False-bay et Table-bay sont deux rades adossées l'une à l'autre; la première ouverte au sud-est, l'autre au nord-ouest152. Comme, pendant six mois, les coups de vent de ces parages sont ordinairement du sud-est, et qu'ils soufflent du nord-ouest pendant le reste de l'année, il s'ensuit que les navires mouillent, selon la saison, dans l'une ou dans l'autre de ces baies; c'est d'après ces données que nous avions pris abri à False-bay, où il y a un fort joli village. À Table-bay est la belle ville du Cap; entre les deux, on trouve, d'un côté, le cap de Bonne-Espérance; de l'autre, en tirant vers le nord, Constance et son terroir, renommé par ses vins exquis. Nous visitâmes ces endroits charmants, dont les Hollandais, alors maîtres de la colonie, nous firent les honneurs le plus affectueusement du monde.
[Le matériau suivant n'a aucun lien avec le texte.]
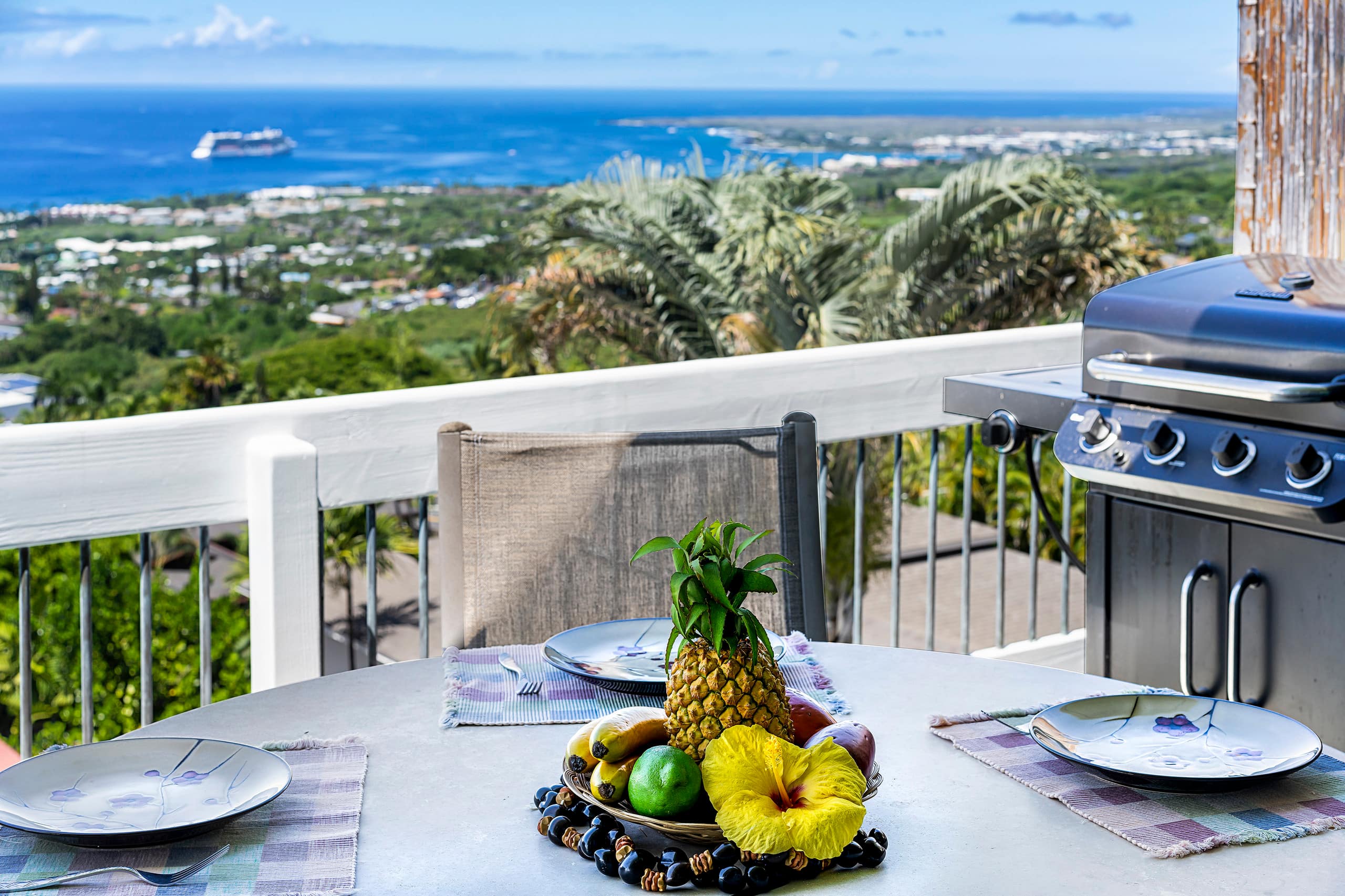 Home in Kailua-Kona · ★4.69 · 3 bedrooms · 4 beds · 3.5 baths - Image 41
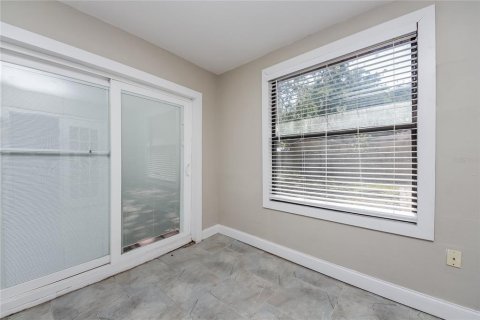 Casa en alquiler en Kissimmee, Florida, 2 dormitorios, 128.3 m2 № 1918297 - foto 11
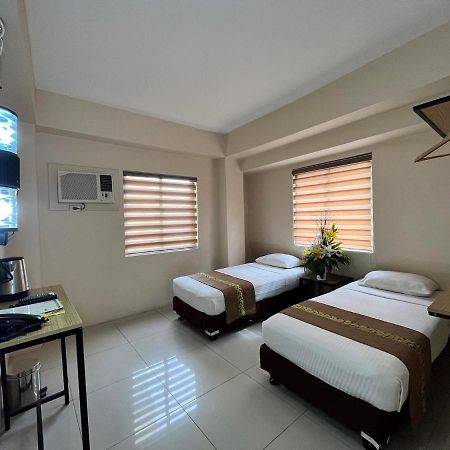 Eon Centennial Express Hotel Iloilo Exterior foto
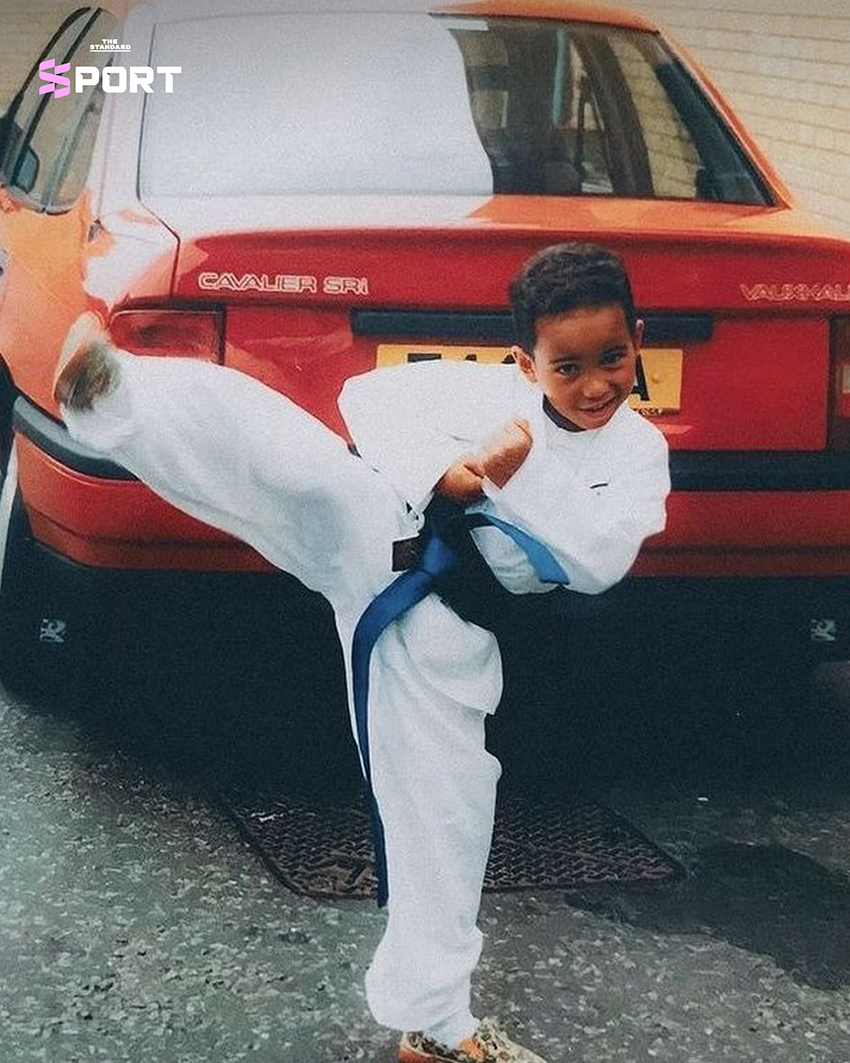 Lewis Hamilton ฝึกฟันดาบซามูไรกับปรมาจารย์ เท็ตสึโร ชิมากุจิ 5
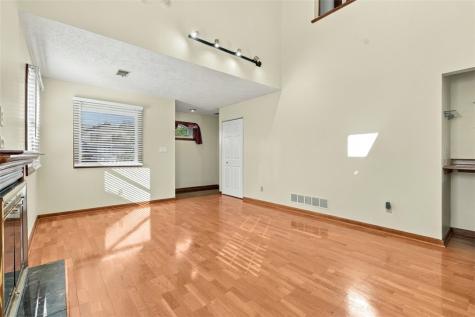 308 Lamplighter Circle Brighton Heights PA 15212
Nous prenions nos approvisionnements à False-bay, quand le Brunswick parut, venant avec un vent frais du sud-est, qui augmenta à mesure que ce bâtiment s'approchait, et qui devint de la plus grande impétuosité. Le Brunswick essaya de mouiller; ses câbles cassèrent; il alla à la côte, et il fit un naufrage qui coûta plusieurs hommes ainsi qu'une grande partie de la cargaison. On dut croire la saison des vents du sud-est arrivée; nous nous hâtâmes donc de nous rendre à Table-bay; mais ce n'avait été qu'un coup de vent anticipé, auquel un autre arriéré de la saison opposée succéda; celui-ci nous assaillit avec une fureur extrême. L'Atalante venait de nous rejoindre; elle avait mouillé sur l'arrière de la Belle-Poule. Trois bâtiments des États-Unis d'Amérique, trompés comme nous, furent jetés sur le rivage où ils se brisèrent. Le Marengo, ferme comme un rocher dont les racines atteignent le centre de la terre, défia majestueusement les vents, les vagues, et il tint bon; mais nous, nous vîmes rompre nos câbles; nous tombâmes sur l'Atalante, qui ne put soutenir ce choc, et nous fûmes, l'un et l'autre bâtiments, emportés vers un point de la côte où, peu de temps auparavant, les deux vaisseaux anglais, le Sceptre et l'Albion, s'étaient perdus corps et biens. M. Bruillac donnait l'exemple du sang froid, de la résignation; il s'occupait déjà des moyens de sauver le plus de monde possible, en s'échouant de la manière la plus favorable, lorsqu'une figure inspirée se montra au-dessus des panneaux, et cria qu'il restait à bord une ancre à jet. C'était notre lieutenant en pied! c'était M. Moizeau! c'était un ange tutélaire! Il avait déjà fait mettre sur cette petite ancre deux faibles câbles ou grelins qui lui restaient; il les avait disposés bout à bout, et il dit au commandant qu'il n'avait qu'à le prescrire, qu'immédiatement l'ancre à jet serait au fond. L'ordre fut aussitôt donné; cette ancre accrocha heureusement encore la patte d'une de celles dont l'Atalante venait d'être séparée; et tandis que cette dernière frégate allait accomplir son naufrage, la Belle-Poule se rassit sur les eaux, et vit passer, sans plus bouger, toutes les horreurs de l'ouragan.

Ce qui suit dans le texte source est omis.